## Badly behaved data, part 3: Log-transforming to compare two means

Suppose we want to compare the means of two groups where data are skewed. In the last post, we saw that the mean and 95% CI are preferred to summarise log-transformed data for one sample. Can we use a similar approach to compare means from two log-transformed samples? Well, sort of. It is a little more complicated. Let’s see why.

Let’s simulate data from a randomised controlled trial where days to discharge from hospital (the outcome) were measured in control and treated groups. We know that data on days to discharge are skewed:

- For control and treated groups, draw 100 random values of days to discharge from log-Normal distributions with identical locations (
`loc=0`

) but with different shapes. - Log-transform the days to discharge data.
- Plot histograms of days and log(days).
- Perform simple linear regression comparing log(days) between both groups.
- Report the estimates in logged and back-transformed natural values.

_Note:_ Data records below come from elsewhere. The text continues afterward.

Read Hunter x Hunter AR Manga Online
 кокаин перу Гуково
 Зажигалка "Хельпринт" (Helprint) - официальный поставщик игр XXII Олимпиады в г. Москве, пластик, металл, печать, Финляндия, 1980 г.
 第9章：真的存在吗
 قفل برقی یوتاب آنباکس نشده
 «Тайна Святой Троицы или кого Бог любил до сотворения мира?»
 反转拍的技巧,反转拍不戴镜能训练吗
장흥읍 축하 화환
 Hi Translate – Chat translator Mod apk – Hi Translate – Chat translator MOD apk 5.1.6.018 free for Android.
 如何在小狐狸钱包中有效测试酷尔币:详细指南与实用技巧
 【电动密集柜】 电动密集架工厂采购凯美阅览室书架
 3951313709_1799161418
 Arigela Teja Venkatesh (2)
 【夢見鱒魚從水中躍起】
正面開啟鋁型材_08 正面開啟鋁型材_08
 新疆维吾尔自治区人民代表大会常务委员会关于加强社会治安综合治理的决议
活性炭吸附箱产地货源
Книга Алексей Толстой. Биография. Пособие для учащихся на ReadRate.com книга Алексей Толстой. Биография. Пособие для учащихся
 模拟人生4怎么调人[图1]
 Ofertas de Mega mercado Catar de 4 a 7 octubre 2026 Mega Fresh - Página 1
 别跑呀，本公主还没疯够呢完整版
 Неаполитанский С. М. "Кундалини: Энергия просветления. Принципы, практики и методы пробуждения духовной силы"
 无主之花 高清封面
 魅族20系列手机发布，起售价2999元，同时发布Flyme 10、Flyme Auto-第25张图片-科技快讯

The Python code to execute these steps is shown at the end of this post. Running the code generates this figure:

**Fig 1.** Histograms of time in days (top row) and time in log-days (bottom row) for control (left column) and treated (right column) groups.

Histograms show that days to discharge become more Normally distributed after values are log-transformed. This is good.

Let’s place the data in a Pandas dataframe for further analysis and use *long format*: vertically stack days and log(days) values from the control and treated groups, and create the column `treated`

where 0 indicates the control group and 1 indicates the treated group. The 0’s and 1’s in `treated`

are *dummy codes*; the numbers simply indicate the group that each outcome belongs to, but don’t mean anything physiologically. However, assigning 0’s or 1’s to outcomes this way allows us to analyse the data meaningfully later on.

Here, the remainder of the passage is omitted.